The SetFTA tool might solve the problem, but Microsoft could pull out the rug and move to something else.  I don’t know if the devs of em Client would bother getting their product working with the hashing of FileExts or if they’ll avoid that baskets of asps and have their customers just use the Default Apps wizard in Windows 10 to make sure em Client is selected as the E-mail handler.

Setting the default handler is not easy anymore.  Not even using the Default Apps wizard ensures a UserChoice subkey gets created.  If a program requests the OS to indicate if it is the default app, the OS probably wants to see a UserChoice subkey.

I recently installed Windows 10 on my new laptop, and after completing the Windows update to 17134.829 (next to last update) I installed eM Client.

Using the option to set eM Client as the default during install simply opens the Windows 10 default apps config. I selected eM Client from there and that is all that needs to be done.

In all respects, eM Client is now the default.

I think the complaint is em Client doesn’t see em Client is the default e-mail handler.  I don’t know what the code would be to query the OS for what is defined the default handler for a protocol, but it seems the OS reports to em Client that it is not the default mailto handler, and I’m guessing that is due to the lack of the UserChoice registry key for that protocol.

Even when you use the Default Apps wizard to set em Client as the default mailto handler, em Client still doesn’t see itself as the default handler.  There appears something broken between you using Default Apps that lets the OS know which handler to use and a program that wants to query what is the handler for a protocol; i.e., set and query seem to be disconnected.

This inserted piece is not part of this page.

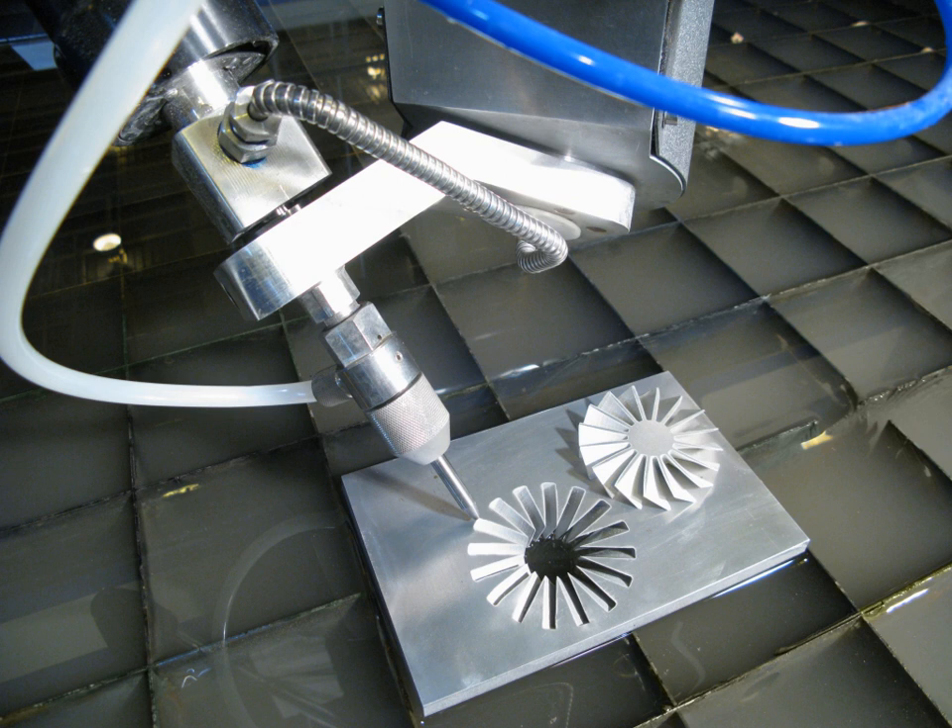A water jet cutter, also known as a water jet or waterjet, is an industrial tool capable of cutting a wide variety of materials using a very high-pressure jet of water, or a mixture of water and an abrasive substance. The term abrasive jet refers specifically to the use of a mixture of water and abrasive to cut hard materials such as metal or granite, while the terms pure waterjet and water-only cutting refer to waterjet cutting without the use of added abrasives.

Windows correctly sees it as default, so how does this affect use?

The original/starter post in this discussion was about em Client not recognizing it is the default handler for e-mail.

GeorgeC: “eM Client does not recognize that it is the default email program”
Me: “the complaint is em Client doesn’t see em Client is the default e-mail handler”

No one said em Client was not getting used as the default e-mail handler, only that em Client _ reports _ it is not the default e-mail handler.  What em Client reports is misleading, and when configuring em Client that is what users are likely to use to determine if em Client is the default handler or not.  The issue wasn’t about use, but about an erroneous status reported by em Client.  It’s like putting the same red lens over all 3 lights of a stoplight, so drivers won’t know if the stoplight is telling them to stop or to proceed.

I’m guessing em Client issues a Win32 API, a system call, using wmic, or some programming method  to request Windows to tell em Client what is the current default mailto handler (or get a list of all handlers and parses the returned string to see if em Client was listed and for which handler).  What is the method you use to query Windows to report who is the default handler for the mailto protocol?  Whatever it is, it isn’t working.  The car is usable, but the stoplight still shows red for every light.

LOL! The car is usable, and the light is red, but the car goes anyway. That would be more appropriate analogy as eM Client functions as the default regardless of what some buried indicator says in settings.

If you require technical details of how this works, or doesn’t work, it would be better to open a support ticket with eM Client. They do not regularly comment in this forum.